An manchen Tagen hasste sie alle Geräusche; sie wollte nicht einmal, dass der Ventilator lief. An anderen Tagen wollte sie Radio hören, sie wollte den Sender, der Hörerwünsche zu Geburtstagen und Hochzeitstagen erfüllte und Leute anrief, um ihnen Fragen zu stellen. Wenn man die richtige Antwort wusste, gewann man eine Reise zu den Niagarafällen, eine Tankfüllung Benzin oder einen Präsentkorb oder Kinokarten.

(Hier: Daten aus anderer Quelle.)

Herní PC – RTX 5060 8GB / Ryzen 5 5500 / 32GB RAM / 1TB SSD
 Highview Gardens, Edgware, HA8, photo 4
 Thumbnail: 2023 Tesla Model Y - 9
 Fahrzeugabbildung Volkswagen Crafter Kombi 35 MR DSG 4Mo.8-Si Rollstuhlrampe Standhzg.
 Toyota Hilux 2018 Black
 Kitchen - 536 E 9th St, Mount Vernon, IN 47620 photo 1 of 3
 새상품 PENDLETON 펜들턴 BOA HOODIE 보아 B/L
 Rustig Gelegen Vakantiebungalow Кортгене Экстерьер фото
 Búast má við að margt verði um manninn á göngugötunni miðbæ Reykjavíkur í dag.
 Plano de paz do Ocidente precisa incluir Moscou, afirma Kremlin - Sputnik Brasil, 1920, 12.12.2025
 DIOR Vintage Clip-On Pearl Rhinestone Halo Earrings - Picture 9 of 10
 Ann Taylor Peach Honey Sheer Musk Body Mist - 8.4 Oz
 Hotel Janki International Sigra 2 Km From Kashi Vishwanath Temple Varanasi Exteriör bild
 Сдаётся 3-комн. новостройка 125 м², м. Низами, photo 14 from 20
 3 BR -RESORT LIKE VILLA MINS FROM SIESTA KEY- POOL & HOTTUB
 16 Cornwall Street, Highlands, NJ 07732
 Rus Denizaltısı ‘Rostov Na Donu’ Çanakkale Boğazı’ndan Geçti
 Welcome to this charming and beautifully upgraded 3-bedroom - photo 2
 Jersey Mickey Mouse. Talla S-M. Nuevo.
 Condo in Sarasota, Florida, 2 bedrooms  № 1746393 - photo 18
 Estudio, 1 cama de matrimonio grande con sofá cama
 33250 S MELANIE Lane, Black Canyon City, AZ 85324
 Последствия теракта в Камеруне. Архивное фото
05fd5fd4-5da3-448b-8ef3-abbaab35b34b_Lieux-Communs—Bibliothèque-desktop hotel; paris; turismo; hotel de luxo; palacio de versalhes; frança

»Das ist alles abgekartet«, sagte Mrs. Quinn. »Die tun nur so, als würden sie irgendwen anrufen – dabei sitzt der im Nebenzimmer und die Antwort ist ihm gesteckt worden. Ich kannte mal einen, der bei einem Sender gearbeitet hat, so ist es in Wahrheit.«
An diesen Tagen ging ihr Puls rasch. Sie redete sehr schnell, mit heller, atemloser Stimme. »Was für ein Auto hat Ihre Mutter?«, fragte sie.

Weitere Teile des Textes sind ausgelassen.